C’est ainsi que les Juifs ont changé de religion, sans attribuer nulle part
cette innovation à une inspiration divine. Ils ont cru (ou laissé croire), pour
raccorder le présent au passé, que cette vue nouvelle tenue pour la Vérité remontait au Sinaï.
Et ils ont apporté dans ce sens quelques corrections à la Bible : ils ont
réécrit, par exemple, le premier chapitre de la Genèse[15].
Néanmoins, ils ont respecté pour l’essentiel un texte déjà fixé et considéré
comme sacré parce que dicté par Dieu à Moïse. De ce fait, la Bible hébraïque que nous
lisons aujourd’hui est presque entièrement antérieure à l’époque où la croyance
en un Dieu unique est devenue un dogme dans la religion des Juifs – un
millénaire environ après Moïse, si ce prophète a une réalité historique – dogme
qu’ils ont inventé dans le but de tirer Iahvé, et de se tirer eux-mêmes avec
lui, du gouffre où ils étaient descendus ensemble.
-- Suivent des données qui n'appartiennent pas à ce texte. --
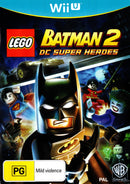 LEGO Batman 2: DC Super Heroes - Wii U - Super Retro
Mon hypothèse permet de comprendre que, par la suite, le Dieu unique n’a jamais
cessé d’être considéré par les Juifs comme le Dieu des Juifs avant tout et non
pas comme celui de tous les peuples. La preuve en est qu’au début de notre ère
encore, le temple de Jérusalem, seul lieu où pouvait se célébrer, affirmait-on,
le culte du Dieu Un, était réservé aux seuls Juifs. Les archéologues ont mis au
jour deux panneaux où il est écrit, en grec et en latin : « Qu’aucun
étranger ne pénètre à l’intérieur de la balustrade et de l’enceinte qui
entourent le sanctuaire. Celui qui serait pris ne devrait accuser que lui-même
de la mort qui serait son châtiment[16].
Ce sont les premiers chrétiens qui ont coupé les racines ethniques de Dieu.
Paul surtout, né Juif, a dit et redit dans ses lettres pastorales :
puisqu’il n’existe qu’un Dieu, il est nécessairement le Dieu de tous les
peuples et de tous les individus ; et il n’y a dès lors aucune raison de
faire des distinctions entre les Juifs et les non-Juifs[17].
Cependant, à partir du moment, au début du IVe siècle de notre ère, où un empereur
romain, Constantin, s’est converti au christianisme, le dieu « Dieu »
est devenu progressivement le dieu des Romains, puis des Européens et des
peuples qu’ils ont soumis. Il a de nouveau été la marque identitaire, non plus
d’une ethnie particulière, comme c’est toujours le cas dans le judaïsme, mais
d’un ensemble de nations unies dans le culte du Fils de Dieu. Et l’islam,
au VIIe siècle,
tout en affirmant très fort son attachement au Dieu unique emprunté aux Juifs
et aux chrétiens, a triomphé en fédérant, autour de l’enseignement de Mahomet,
des tribus arabes jusqu’alors rivales, et en les entraînant à la conquête d’un
vaste empire.
Le fait que le monothéisme ne puisse se passer, quoi qu’en disent les théologiens,
d’un enracinement national explique qu’aujourd’hui encore, des peuples qui
affirment vénérer le même Dieu se livrent à des luttes impitoyables pour faire
prévaloir leur propre conception du Dieu Un.